Mais j'essaye de me soigner avec des infusions de littérature contemporaine – à doses homéopathiques, mais c'est déjà ça. Je m'étais fait une bonne décoction de Chevillard dernièrement, avec Sans l'orang-outan. Ça va me changer les idées, me disais-je, me délectant déjà de l’humour métaphysique qui caractérise notre auteur. Las ! 90 pages plus loin, je déchantais comme les matins chagrins du communisme (10 euros à qui comprend cette image). 90 pages de prose pessimiste à faire passer Schopenhauer pour un gai-luron.

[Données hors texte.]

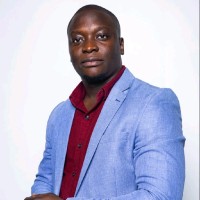 Michael Baraka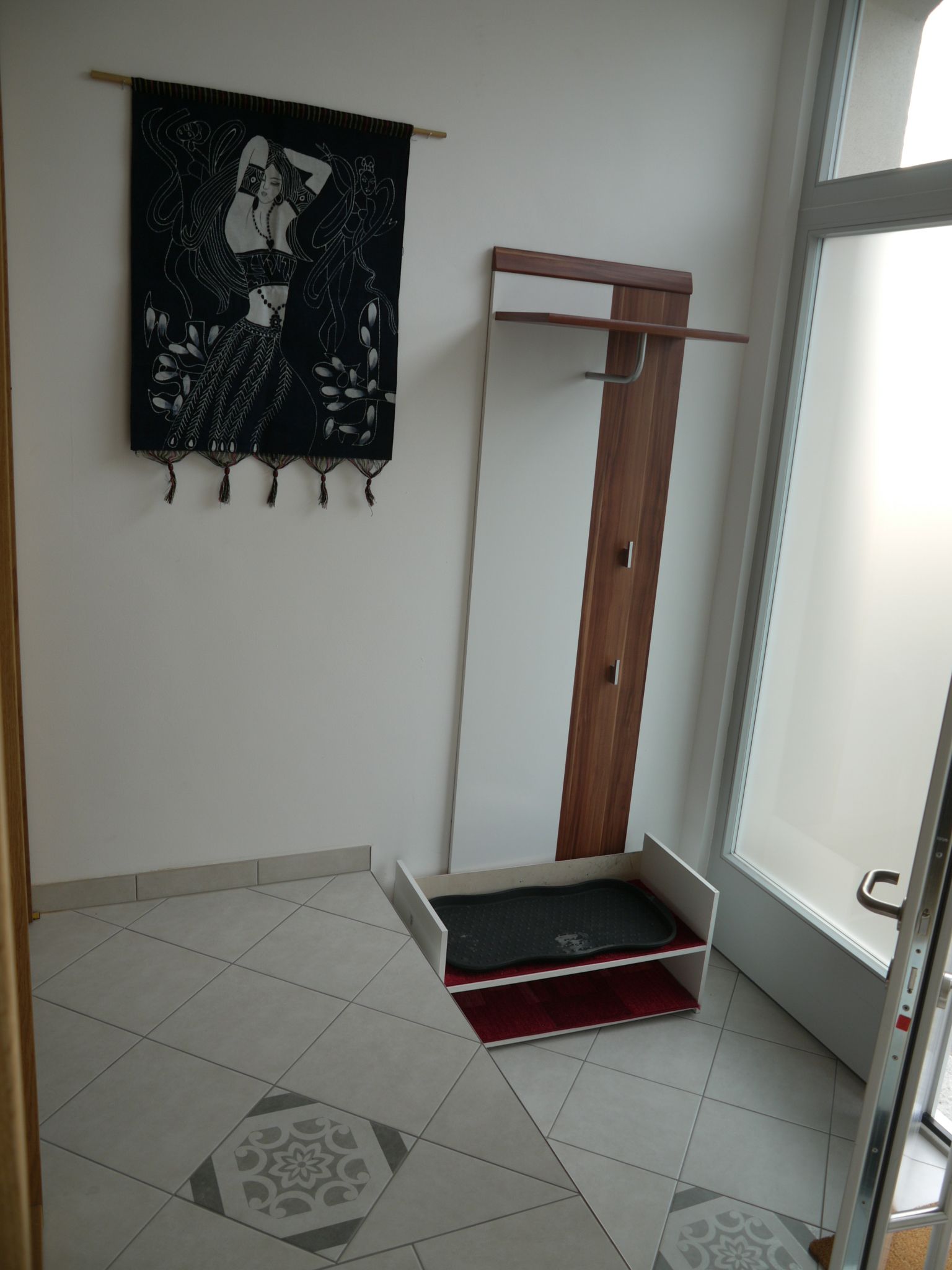  Beautiful, Cute Home In Bamberg  -  Beautiful, cute home in Bamberg  - Gallery -  12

Voilà mon esprit plus dégonflé qu’un soufflé servi à Labevue (mais si, le personnage dépressif dans Gaston, vous savez!). Heureusement, le ton change, et mes papilles littéraires apprécient une collection de paysages apocalyptiques très inventifs (rien de très gai toujours, mais j’oubli un instant qui vous savez). Me vient alors un soupçon : Chevillard n'a-t-il pas cherché à parodier (sérieusement, comme tout bon parodiste) la veine anti-utopique qui sévit dans la littérature contemporaine depuis Houellebecq et sa Possibilité d’une île de triste mémoire (pas qu'il l'ait inventé, non, mais il a donné l'occasion à des éditeurs en mal de nouveautés d'accepter comme un grand genre ce qui était auparavant cantonné aux collections de science-fiction; du sous Volodine, en quelque sorte) et qui a fait éclore comme des pets-de-loups une série de romans à la dernière rentrée littéraire ? La question est posée.